El trayecto prometido de cuatro horas iba prodigarse con bosques, ríos y un par de ciudades. Solo al llegar al gate supe que el autobús de Peter Pan Bus Lines haría dos paradas en Baltimore: una en White Marsh y otra en Downtown antes de arribar al número 50 de la avenida Massachusetts en Union Station, Washington DC. Bostecé sin culpa, consciente de que todos íbamos en la misma condición insomne. Solo después de White Marsh comencé a disfrutar del espectáculo invernal que rodaba por la ventana, muy lejano en temperatura y colores al amado y caribeño Cibao en que aterrizaría siete días después.

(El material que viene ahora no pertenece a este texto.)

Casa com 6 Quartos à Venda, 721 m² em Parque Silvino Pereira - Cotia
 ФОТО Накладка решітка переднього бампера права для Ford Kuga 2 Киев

Pasando por Baltimore ya había sol. Según el reloj, faltaba menos para conocer la capital más poderosa del continente. Eso era lo de menos. Lo de más era abrazar a Altagracia, la colega y amiga. Nos íbamos controlando los tiempos para que no tuviese que esperar mucho porque en el centro de DC no hay casi parqueos. Los árboles desnudos dieron paso a las fachadas de calles y negocios del downtown, pequeñas, pintorescas y variadas en color, incluso un muro adornado con materiales reciclados que me recordó al programa Ciudad Reciclada del Centro León, justo antes de girar hacia el parqueo de autobuses de Union Station. Decir que hacía frío es redundante al extremo.
Los arcos y columnas elegantes de la estación no te impiden ver que la indigencia no discrimina ciudades, incluso las cobija. A pocos metros del árbol navideño, uno que otro adulto más allá de la cincuentena se abriga del frío capitalino mientras yo espero. No he traído paraguas y llueve ligero a las diez de la mañana. Altagracia ya llega sorteando los otros vehículos que también buscan o dejan pasajeros para autobuses, metro o tren. Aunque me trajo, literalmente, Peter Pan, no es la tierra de Nunca Jamás: a lo lejos destella la cúpula del Capitolio.